OLD BAG: This is an archive story from Issue 79 - 24 Jan 2005
Jilly Goolden

Goolden: wood shavings and rubber bands

Claret

Fine wine

Darcey Bussell

Bussell: Must stay at least 100 yards away from

Managers clash as Arsenal go red

The long and tedious peace process that settled recent rows between Arsene Wenger and Alex Ferguson has sensationally fallen apart following Arsenal's announcement that they will play their final season at Highbury in an all-claret strip.

Fired-Up Fergie

The move, apprently at Arsene Wenger's insistence, has been interpreted as a two-fingers to Alex Ferguson whose post-match custom at Old Trafford is to invite the opposition manager for a bottle of claret in the Manchester United boardroom. "Oh aye. Ah know what that froggy fucka is saying. He's saying he's got his own booze and doesne need mine. Well, he can go an shite on hisself..."

Automaton Arsene

But Arsenal have been quick to deny the accusation, saying that the all-claret strip in the final season before moving to their new ground is a mark of respect to the first Arsenal side to play at Highbury, who also wore an all-claret strip. Wenger remarked, "Good moaning.

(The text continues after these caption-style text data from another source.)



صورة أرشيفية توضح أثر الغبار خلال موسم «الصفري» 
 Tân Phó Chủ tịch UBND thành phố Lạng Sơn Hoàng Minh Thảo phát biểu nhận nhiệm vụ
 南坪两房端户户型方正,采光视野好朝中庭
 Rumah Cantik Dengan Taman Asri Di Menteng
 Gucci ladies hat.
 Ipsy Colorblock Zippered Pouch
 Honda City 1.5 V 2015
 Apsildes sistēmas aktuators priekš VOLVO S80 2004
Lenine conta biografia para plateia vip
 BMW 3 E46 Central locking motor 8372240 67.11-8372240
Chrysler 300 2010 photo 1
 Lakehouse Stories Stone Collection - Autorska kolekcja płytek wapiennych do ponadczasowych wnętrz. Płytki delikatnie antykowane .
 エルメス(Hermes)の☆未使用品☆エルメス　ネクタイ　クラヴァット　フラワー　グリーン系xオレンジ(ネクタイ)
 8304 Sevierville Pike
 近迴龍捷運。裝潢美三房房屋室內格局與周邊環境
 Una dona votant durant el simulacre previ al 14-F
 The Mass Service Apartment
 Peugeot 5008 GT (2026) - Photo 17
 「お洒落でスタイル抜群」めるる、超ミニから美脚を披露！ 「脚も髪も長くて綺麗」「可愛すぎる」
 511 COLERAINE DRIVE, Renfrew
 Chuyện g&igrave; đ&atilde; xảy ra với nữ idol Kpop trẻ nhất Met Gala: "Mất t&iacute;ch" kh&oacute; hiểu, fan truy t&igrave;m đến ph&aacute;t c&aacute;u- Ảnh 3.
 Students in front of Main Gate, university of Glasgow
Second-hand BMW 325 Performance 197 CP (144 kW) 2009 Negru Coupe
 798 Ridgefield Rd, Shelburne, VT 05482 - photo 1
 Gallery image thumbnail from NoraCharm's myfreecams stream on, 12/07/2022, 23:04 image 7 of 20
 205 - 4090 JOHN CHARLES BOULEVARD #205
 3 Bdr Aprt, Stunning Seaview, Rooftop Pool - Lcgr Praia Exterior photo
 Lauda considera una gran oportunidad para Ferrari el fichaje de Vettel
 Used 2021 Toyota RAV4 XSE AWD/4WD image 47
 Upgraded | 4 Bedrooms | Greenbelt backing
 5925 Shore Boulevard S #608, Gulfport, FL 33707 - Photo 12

I don't what zis Ferguson iz zaying. Why do I want to drink his wine? It is merde. We French, we know what good wine is. My claret iz better than 'iz." The FA and the police are looking into the matter as they fear it might spark fierce debates over the merits of merlot over shiraz on the terraces when the two teams next meet, or even escalate into cork-throwing between fans.

Delightful Darcey

Last night, wine ponce Jilly Goolden issued a statement to try and calm the situation. "I have tried Sir Alex's claret from the CU James winery. It has such a delicate, whimsical bounce. It is like a whisper of ballet drifting across my willing tongue, a Darcey Bussell in whirl of taffiter to Tchaikovsky. Equally, Monsieur Wenger's Chateau Wenger 98 possess a goosey, bubbly freshness that reminds one of a young Gary Lineker in his Everton days, eager and panting, an anticipation of what I am not quite sure yet, but which certainly prefigures Picasso's Cubist phase."

Arsenal's new ground at Ashburton Grove, which has finally got the go-ahead after David Dein's thugs bullied local businessmen into leaving their shops, includes plans for a Hardy's wine dispenser in the boardroom, similar to that seen in pubs up and down the country. The shit wine will be overpriced and badly kept.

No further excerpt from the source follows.